[[ Source material open ]]

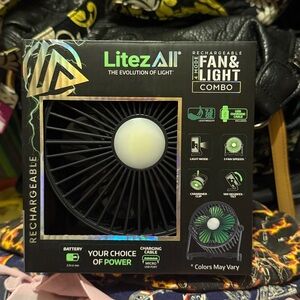 Litez All Rechargeable Fan & Light Combo (New)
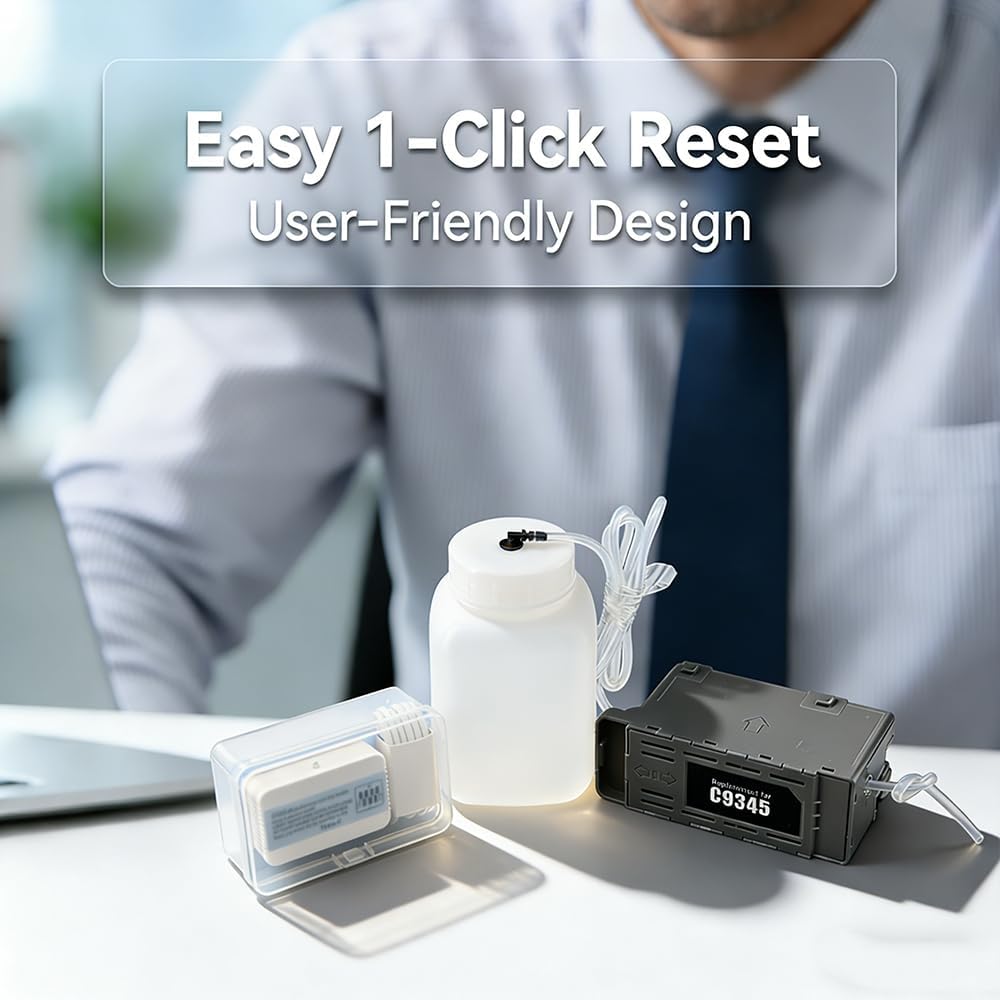 C9345 Ink Maintenance Box with External Bottle and chip Resetter for ET-8550 ET-16600 ET-5850 ET-5800 ET-16650 ET-8500 WF-7840 WF-7820 ET-5880 WF-7310 ST-C8000 ST-C8090 (PXMB9/C12C934591)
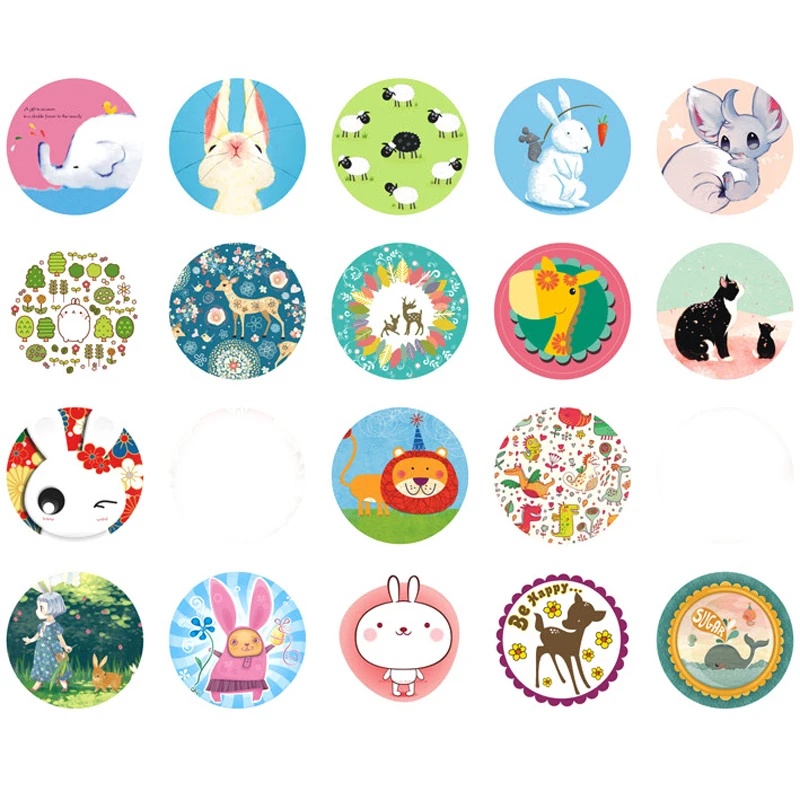 38 шт. креативные винтажные наклейки с рисунками животных из мультфильмов клейкие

[[ Source material closed ]]

Aim of the exercise.
Leave every image out when you return the material above word for word.

Output for this exercise.
 Litez All Rechargeable Fan & Light Combo (New)
 C9345 Ink Maintenance Box with External Bottle and chip Resetter for ET-8550 ET-16600 ET-5850 ET-5800 ET-16650 ET-8500 WF-7840 WF-7820 ET-5880 WF-7310 ST-C8000 ST-C8090 (PXMB9/C12C934591)
 38 шт. креативные винтажные наклейки с рисунками животных из мультфильмов клейкие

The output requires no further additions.